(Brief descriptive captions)
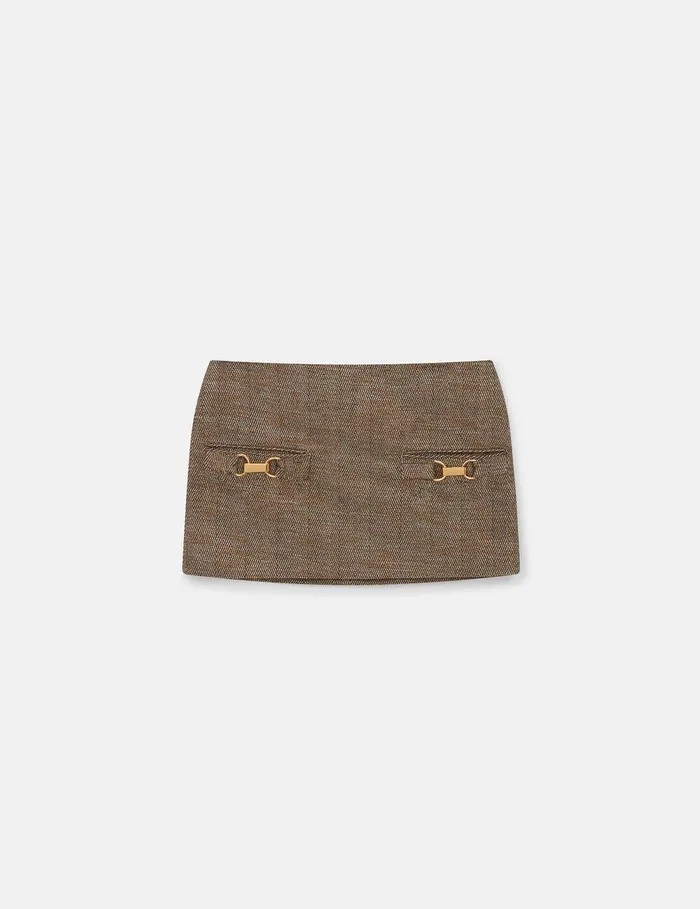 Stella McCartney Skirts Women ClaspEmbellished MidRise Mini Skirt Chestnut Herringbone Stella McCartney Skirts Women ClaspEmbellished MidRise Mini Skirt Chestnut Herringbone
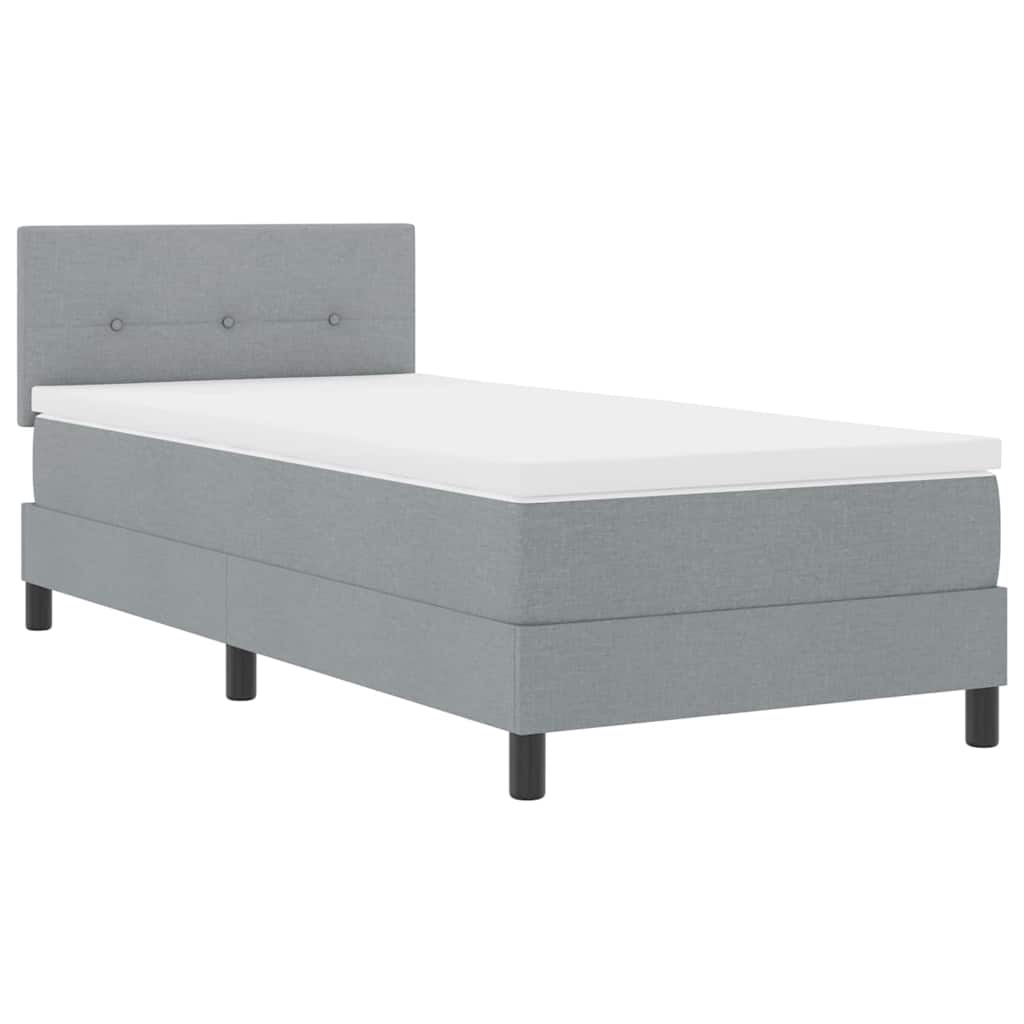 Box Spring Seng Med Madras Lysegrå 90 X 190 Cm Stof - Billede 2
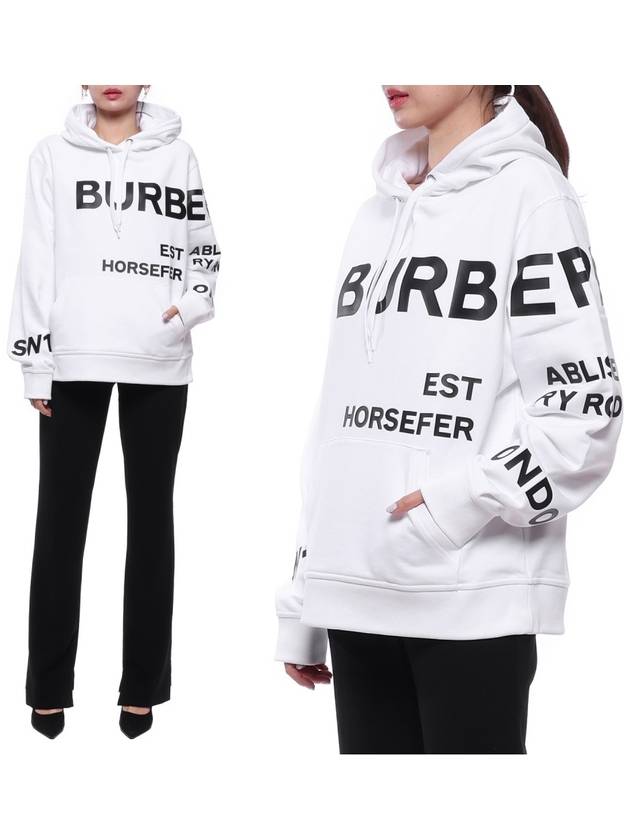 Luxury Burberry Horseferry Print Hooded Top White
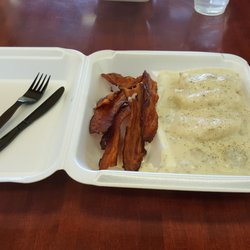 Woods Supermarket - Love the bacon and biscuits and gravy. Whenever I am in town I eat the breakfast here and sometimes dinner.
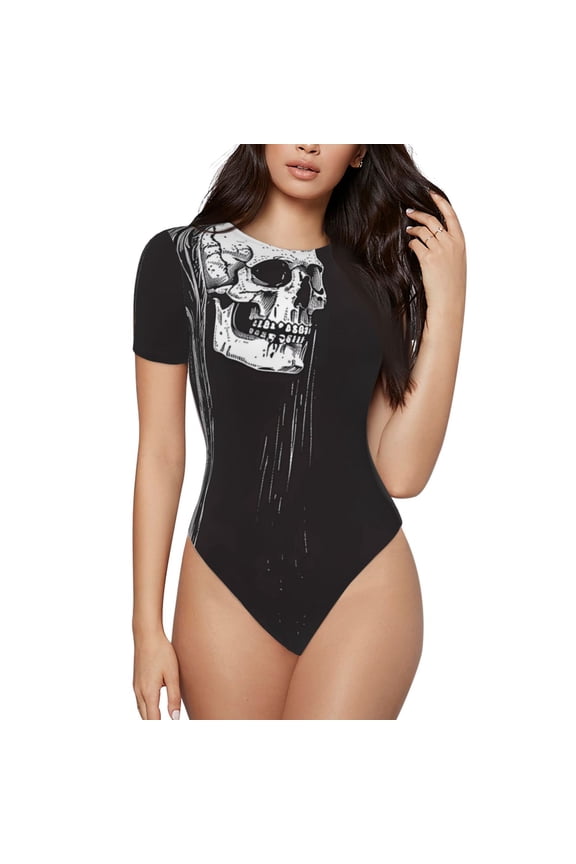 Gothic Skull Drape Bodysuits for Women, Women's Short-Sleeved Onesie, One-Piece for Parties, dates, clubs-Large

Your task:
Begin at the line containing "Woods Supermarket - Love" and copy every line through the end of the data above exactly, omitting the pictures.

Task response:
 Woods Supermarket - Love the bacon and biscuits and gravy. Whenever I am in town I eat the breakfast here and sometimes dinner.
 Gothic Skull Drape Bodysuits for Women, Women's Short-Sleeved Onesie, One-Piece for Parties, dates, clubs-Large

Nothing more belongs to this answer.